Homemade ice remedies prevent frosty nuisances


The song lies. No one dreams of white Christmases when they’re filled with early-morning classes and less-than-average ice scrapers. I usually dream of 70-degree, outdoor Christmases — I guess that’s not as catchy.

But the fact is, I am probably not going to get that type of winter. The winter that South Dakota has in store for me looks a little whiter and a lot less green. It’s filled with frozen windshields and doors. Oh, I can almost hear my ice scraper laughing from the trunk of my car.

I’ve discovered a few ways to tone down the ice this winter. It turns out vinegar is not only used for cooking and hand sanitizer isn’t just for sanitizing those germs on your hands. Don’t believe me? Well, give these few tricks a try the next time the weatherman tells you there’s a frost coming overnight.

Fill a spray bottle with three parts vinegar and one part water and spray it on your car’s windshield and side windows at night. For those of you who are mathematically challenged, that’s one-fourth cup water and three-fourths cup of vinegar. In the morning your windows should be clear or not as much of an icy disaster. If you do see some ice, though, take the mixture again and spray it on the ice. It should start melting right then and there.

Weird, huh? Vinegar contains acetic acid, which raises the melting point of water, and thus prevents water from freezing.

Maybe it’s your car doors freezing shut that give you the most trouble. Well, there’s a way around that, too. Take cooking spray and spray it on the rubber seal of the door and rub it around with a paper towel. Water melting during the day is the culprit in this situation because it freezes again overnight. Rubbing oil on the door will reduce this greatly and keep it from freezing shut. However, this will also get rid of the email to your professor telling him you won’t make it to class because, well, you can’t get into your car. Yes, I used this excuse once, because it actually happened — all four doors, frozen.

It’s not just your car that’ll throw you for a loop during winter. Last year I experienced many nights getting home late — I was probably at the library. Yes, definitely the library — and I’d go to unlock the door only to get denied. Ice formed after it melted during the day and froze back again at night. Needless to say, I had to bang on the door until one of my roommates woke up to let me in.

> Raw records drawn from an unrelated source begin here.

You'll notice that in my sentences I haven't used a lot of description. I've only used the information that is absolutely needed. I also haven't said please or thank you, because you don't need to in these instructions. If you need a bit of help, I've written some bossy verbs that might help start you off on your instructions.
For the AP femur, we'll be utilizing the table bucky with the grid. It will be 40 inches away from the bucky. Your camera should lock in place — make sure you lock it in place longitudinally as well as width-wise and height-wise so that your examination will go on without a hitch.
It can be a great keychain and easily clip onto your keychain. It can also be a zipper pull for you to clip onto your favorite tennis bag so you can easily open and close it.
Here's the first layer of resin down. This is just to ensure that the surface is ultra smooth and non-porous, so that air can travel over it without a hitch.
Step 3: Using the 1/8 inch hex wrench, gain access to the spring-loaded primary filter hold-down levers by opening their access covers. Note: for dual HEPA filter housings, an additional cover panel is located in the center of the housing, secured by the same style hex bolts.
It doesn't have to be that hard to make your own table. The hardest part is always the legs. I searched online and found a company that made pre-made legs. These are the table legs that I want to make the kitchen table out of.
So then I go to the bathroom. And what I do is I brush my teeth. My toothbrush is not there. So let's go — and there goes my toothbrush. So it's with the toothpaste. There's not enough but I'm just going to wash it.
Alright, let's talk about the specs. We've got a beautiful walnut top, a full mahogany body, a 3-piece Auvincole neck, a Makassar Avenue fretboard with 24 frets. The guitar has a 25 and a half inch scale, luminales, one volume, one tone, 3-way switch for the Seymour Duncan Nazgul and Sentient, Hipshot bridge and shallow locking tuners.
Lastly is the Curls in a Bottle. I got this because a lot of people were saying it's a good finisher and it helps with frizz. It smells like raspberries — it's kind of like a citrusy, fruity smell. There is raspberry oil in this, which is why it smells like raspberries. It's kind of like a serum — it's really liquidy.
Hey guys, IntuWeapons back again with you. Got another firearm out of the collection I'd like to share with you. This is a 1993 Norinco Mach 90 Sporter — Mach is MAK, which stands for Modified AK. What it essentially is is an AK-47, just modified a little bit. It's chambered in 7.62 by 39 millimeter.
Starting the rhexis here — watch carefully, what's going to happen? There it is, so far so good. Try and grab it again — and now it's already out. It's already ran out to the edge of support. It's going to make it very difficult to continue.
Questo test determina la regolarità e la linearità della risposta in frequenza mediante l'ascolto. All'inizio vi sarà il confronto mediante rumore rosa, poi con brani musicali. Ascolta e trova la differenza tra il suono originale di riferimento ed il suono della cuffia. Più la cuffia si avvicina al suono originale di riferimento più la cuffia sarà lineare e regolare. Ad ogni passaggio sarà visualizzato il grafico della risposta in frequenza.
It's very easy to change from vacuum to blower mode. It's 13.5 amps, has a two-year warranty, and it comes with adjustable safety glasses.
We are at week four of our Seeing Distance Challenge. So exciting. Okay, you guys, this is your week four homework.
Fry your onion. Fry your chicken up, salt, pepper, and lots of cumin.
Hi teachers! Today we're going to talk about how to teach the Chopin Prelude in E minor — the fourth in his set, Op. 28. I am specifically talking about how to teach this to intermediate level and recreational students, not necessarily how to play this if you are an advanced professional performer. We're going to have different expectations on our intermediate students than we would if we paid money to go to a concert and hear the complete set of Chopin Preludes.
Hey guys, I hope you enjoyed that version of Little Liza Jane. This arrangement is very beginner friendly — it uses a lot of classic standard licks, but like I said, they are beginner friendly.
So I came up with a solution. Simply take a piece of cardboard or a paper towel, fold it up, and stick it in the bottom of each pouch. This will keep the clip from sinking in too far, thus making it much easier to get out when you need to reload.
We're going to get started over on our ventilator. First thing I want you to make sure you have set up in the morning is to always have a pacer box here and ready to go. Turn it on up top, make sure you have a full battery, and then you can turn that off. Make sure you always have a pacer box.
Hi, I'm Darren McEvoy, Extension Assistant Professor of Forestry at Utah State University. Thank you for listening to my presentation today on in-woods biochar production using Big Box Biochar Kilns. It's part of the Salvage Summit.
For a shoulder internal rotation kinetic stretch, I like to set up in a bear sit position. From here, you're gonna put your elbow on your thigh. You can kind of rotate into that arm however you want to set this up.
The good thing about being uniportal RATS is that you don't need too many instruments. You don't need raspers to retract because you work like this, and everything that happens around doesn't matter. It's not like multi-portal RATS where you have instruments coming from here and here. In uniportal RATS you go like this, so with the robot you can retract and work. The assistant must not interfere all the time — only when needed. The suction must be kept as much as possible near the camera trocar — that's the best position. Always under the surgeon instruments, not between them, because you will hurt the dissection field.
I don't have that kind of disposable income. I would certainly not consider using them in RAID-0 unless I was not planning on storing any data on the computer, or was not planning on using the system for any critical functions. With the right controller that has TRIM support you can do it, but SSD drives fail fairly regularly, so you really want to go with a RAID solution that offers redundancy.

Well, let’s try to problem solve here. What sort of liquid doesn’t freeze? If you guessed alcohol, you’re right. So, grab the nearest bottle of hand sanitizer, or anything you might have in the fridge, and squirt about a tablespoon into the doorknob lock. This should keep the lock from freezing and decrease the instance of late-night lockouts. Just to clarify, be smart and don’t use beer. The alcohol content is not high enough, and it will freeze just like water.

I can’t make your winter any less white, but these should keep it a little less icy. Who’s laughing now, mister ice scraper?